The Unity Flag Project, a nationwide traveling exhibit inspiring empathy and bipartisanship, opens to VWU students, faculty and staff in the Neil Britton Art Gallery on Inauguration Day, January 20, and continues through March 19. A virtual exhibit is available to the off-campus community.

The Unity Flag Project was initiated by Dr. Meaghan Brady Nelson, Assistant Professor of Art Education and Program Director of Fine Arts at Belmont University, in anticipation of the final presidential debate held at Belmont on October 22, 2020. She took the blue and red polarization of our current political climate and used the visual arts to bring them together to foster “purple empathy.” The project was designed to encourage civil discourse, build empathy, and bridge political divides through the visual arts by inviting artists from across the country to create representations of the U.S. flag that expressed empathy for bipartisanship.

Purple empathy is the action of understanding, being aware of, being sensitive to, and vicariously experiencing the feelings, thoughts, and experience of another’s political views, political experiences, political opinions, political understandings, political intentions, and political decisions.

–Dr. Meaghan Brady Nelson

The Robert Nusbaum Center was selected to create the Unity Flag for Virginia. “A Beacon of Hope” was one of the 30 state flags displayed during the October debate and features a lighthouse and heart images as symbols of welcome and hope, and to serve as a reminder to remain vigilant in uniting around a vision for a more perfect union, a union in which equality and justice for all rings true.

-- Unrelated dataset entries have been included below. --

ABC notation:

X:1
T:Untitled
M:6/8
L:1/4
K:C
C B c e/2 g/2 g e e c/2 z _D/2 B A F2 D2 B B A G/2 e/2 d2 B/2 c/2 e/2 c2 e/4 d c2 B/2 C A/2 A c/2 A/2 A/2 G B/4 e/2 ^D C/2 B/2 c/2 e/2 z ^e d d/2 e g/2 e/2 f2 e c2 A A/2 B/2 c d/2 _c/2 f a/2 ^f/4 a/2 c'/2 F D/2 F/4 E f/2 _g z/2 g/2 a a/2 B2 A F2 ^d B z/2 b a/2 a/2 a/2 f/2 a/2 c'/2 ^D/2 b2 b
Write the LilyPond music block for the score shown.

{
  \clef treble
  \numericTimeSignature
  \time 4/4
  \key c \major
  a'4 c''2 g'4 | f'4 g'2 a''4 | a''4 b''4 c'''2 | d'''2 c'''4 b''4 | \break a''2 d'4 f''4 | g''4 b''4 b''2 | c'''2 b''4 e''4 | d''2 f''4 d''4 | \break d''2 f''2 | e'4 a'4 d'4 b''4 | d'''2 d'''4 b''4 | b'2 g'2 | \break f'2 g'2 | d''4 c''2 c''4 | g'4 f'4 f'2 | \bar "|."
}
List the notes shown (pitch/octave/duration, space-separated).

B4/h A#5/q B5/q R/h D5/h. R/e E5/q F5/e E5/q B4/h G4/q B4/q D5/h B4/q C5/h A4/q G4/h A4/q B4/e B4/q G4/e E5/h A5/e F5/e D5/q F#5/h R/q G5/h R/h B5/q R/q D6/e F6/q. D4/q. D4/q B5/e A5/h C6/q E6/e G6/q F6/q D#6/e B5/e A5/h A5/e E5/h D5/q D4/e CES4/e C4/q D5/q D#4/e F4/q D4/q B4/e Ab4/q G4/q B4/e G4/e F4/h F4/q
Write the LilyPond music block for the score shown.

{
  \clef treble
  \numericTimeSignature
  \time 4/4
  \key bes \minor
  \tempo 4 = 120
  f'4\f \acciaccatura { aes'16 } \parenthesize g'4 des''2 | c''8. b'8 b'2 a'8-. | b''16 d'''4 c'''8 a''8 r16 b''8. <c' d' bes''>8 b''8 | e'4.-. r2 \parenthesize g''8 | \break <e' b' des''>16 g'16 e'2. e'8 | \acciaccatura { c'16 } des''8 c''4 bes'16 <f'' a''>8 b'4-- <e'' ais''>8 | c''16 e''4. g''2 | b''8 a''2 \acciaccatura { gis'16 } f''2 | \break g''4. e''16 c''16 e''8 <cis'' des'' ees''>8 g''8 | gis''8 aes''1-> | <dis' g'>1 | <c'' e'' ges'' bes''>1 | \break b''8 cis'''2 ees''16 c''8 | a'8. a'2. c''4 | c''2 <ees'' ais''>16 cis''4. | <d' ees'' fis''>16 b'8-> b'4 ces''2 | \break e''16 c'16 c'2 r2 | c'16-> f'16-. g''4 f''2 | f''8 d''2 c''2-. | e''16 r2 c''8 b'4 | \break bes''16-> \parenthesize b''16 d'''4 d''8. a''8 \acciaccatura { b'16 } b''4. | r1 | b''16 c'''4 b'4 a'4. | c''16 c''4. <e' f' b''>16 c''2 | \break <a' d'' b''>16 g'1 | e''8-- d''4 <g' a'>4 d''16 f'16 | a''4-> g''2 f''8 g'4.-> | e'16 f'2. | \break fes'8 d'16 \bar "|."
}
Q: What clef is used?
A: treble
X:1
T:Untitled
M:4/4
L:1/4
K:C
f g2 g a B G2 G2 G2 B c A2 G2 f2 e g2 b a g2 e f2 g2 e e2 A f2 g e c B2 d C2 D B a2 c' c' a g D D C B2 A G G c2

Visit the Unity Flag Project for more information about the original display.

Invitation to Create a Unity Flag

Local individuals and groups are invited to create Unity Flags. Select canvas submissions will travel with the exhibition on a national tour to promote purple empathy. Digital submissions will be added to the digital exhibition. For more information on guidelines for submission, please contact VWU Art Professor and Curator of Exhibitions for the Neil Britton Art Gallery John Rudel at jrudel@vwu.edu.

We believe that civil discourse in the arts has the power to provide a focal point for dialogue, to reduce barriers to participation and spark individuals into action, to promote new ways of thinking about and understanding issues, and to ultimately catalyze needed change. Following a period of tremendous social unrest in our country, we are hopeful that promoting unity through this exhibition and related events will harness the power of creative expression as a means for positive growth.